## Data under study
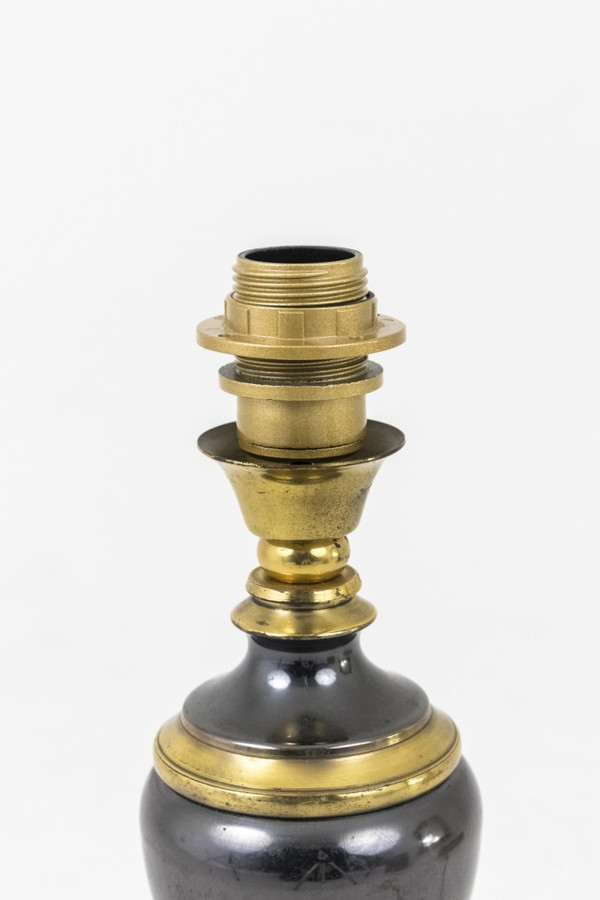 Paar vergoldete Bronze- und Metallic-Graulampen, 1970er Jahre – Ls2779351
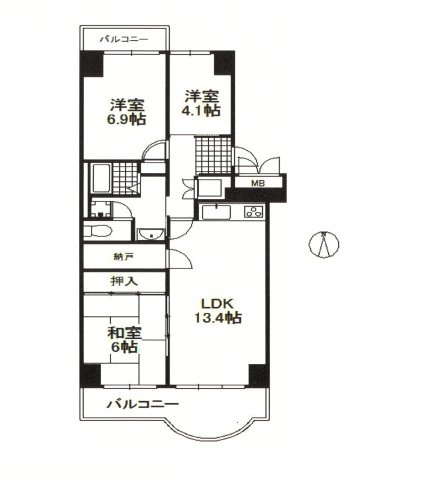 ユニハイム千里丘一号棟の間取り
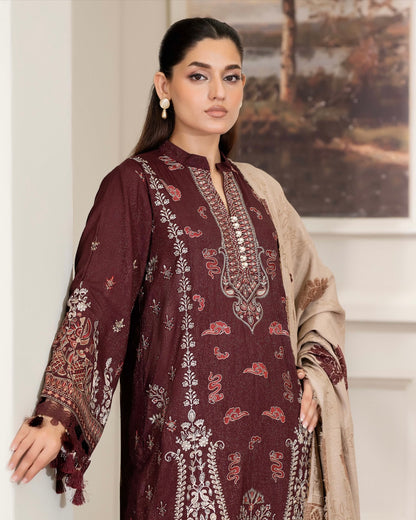 Johra Aneeza | Embroidered Fancy Peach Leather | Design 437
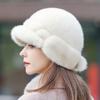 Mink Hat Women's Winter Thickened Warm Mink Hair Whole Mink for Middle and Elderly Mothers Versatile Duck Tongue Fur Hat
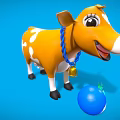 Cartoon Cow With Yellow White Spots Blue Rope Bell Blue Ball Green Grass Blue Background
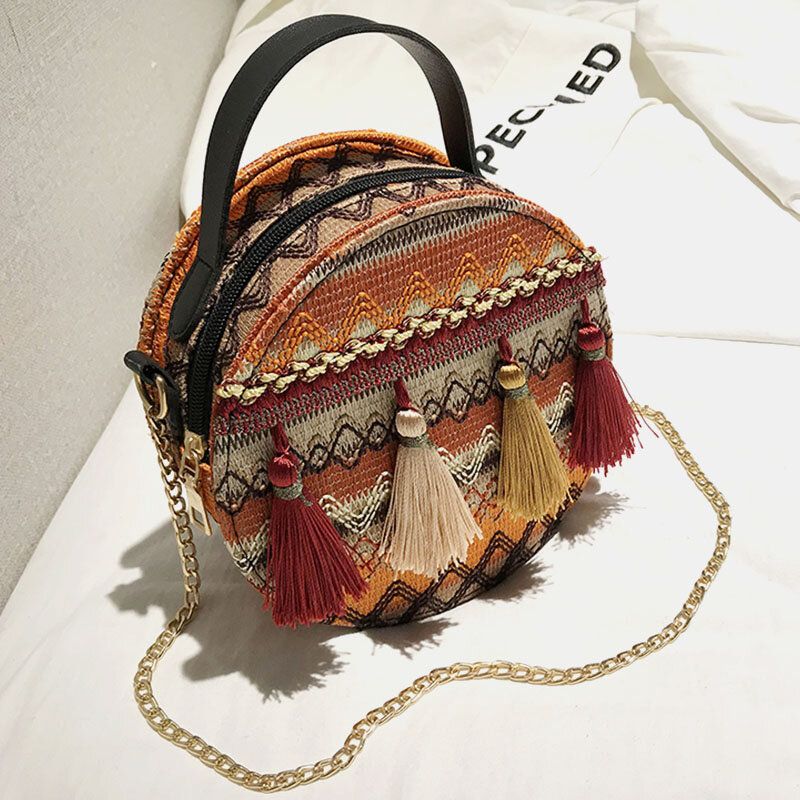 Bolso Bandolera Con Cadenas De Rayas Y Borlas De Paja Para Mujer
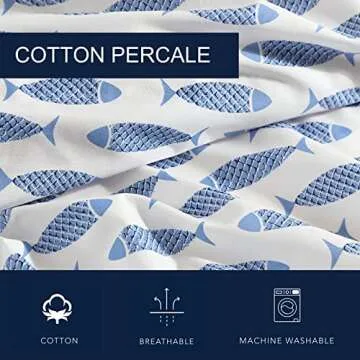 Nautica - Queen Sheets, Cotton Percale Bedding Set, Crisp & Cool, Coastal Bedding Set (Woodblock Fish Blue, Queen)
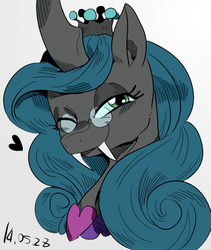 Size: 845x1000 | Tagged: safe, artist:nekubi, queen chrysalis, changeling, changeling queen, bedroom eyes, colored, cute, cutealis, fangs, female, glasses, heart, looking at you, mirror universe, one eye closed, portrait, reversalis, smiling, solo, wink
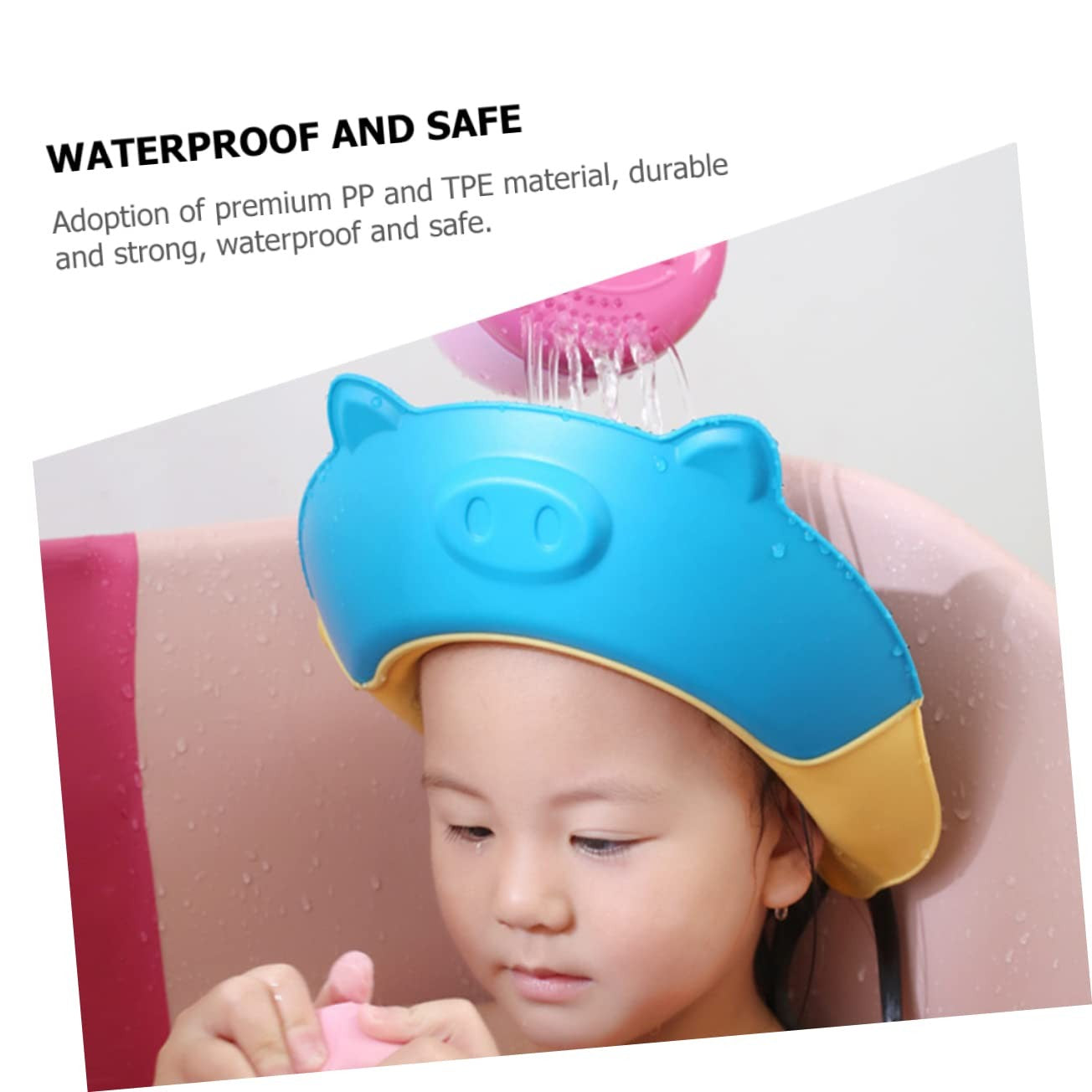 Viziera de Protectie Baie Pentru Copii, Fippy, Model Purcelus, Dimensiune ajustabila, Durabil, Usor de curatat,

## Task to complete
Using the records above, print exactly the lines between the ones containing "ユニハイム千里丘一号棟の間取り" and "Size: 845x1000 |", inclusive, and nothing else; no pictures.

## Solution below
 ユニハイム千里丘一号棟の間取り
 Johra Aneeza | Embroidered Fancy Peach Leather | Design 437
 Mink Hat Women's Winter Thickened Warm Mink Hair Whole Mink for Middle and Elderly Mothers Versatile Duck Tongue Fur Hat
 Cartoon Cow With Yellow White Spots Blue Rope Bell Blue Ball Green Grass Blue Background
 Bolso Bandolera Con Cadenas De Rayas Y Borlas De Paja Para Mujer
 Nautica - Queen Sheets, Cotton Percale Bedding Set, Crisp & Cool, Coastal Bedding Set (Woodblock Fish Blue, Queen)
 Size: 845x1000 | Tagged: safe, artist:nekubi, queen chrysalis, changeling, changeling queen, bedroom eyes, colored, cute, cutealis, fangs, female, glasses, heart, looking at you, mirror universe, one eye closed, portrait, reversalis, smiling, solo, wink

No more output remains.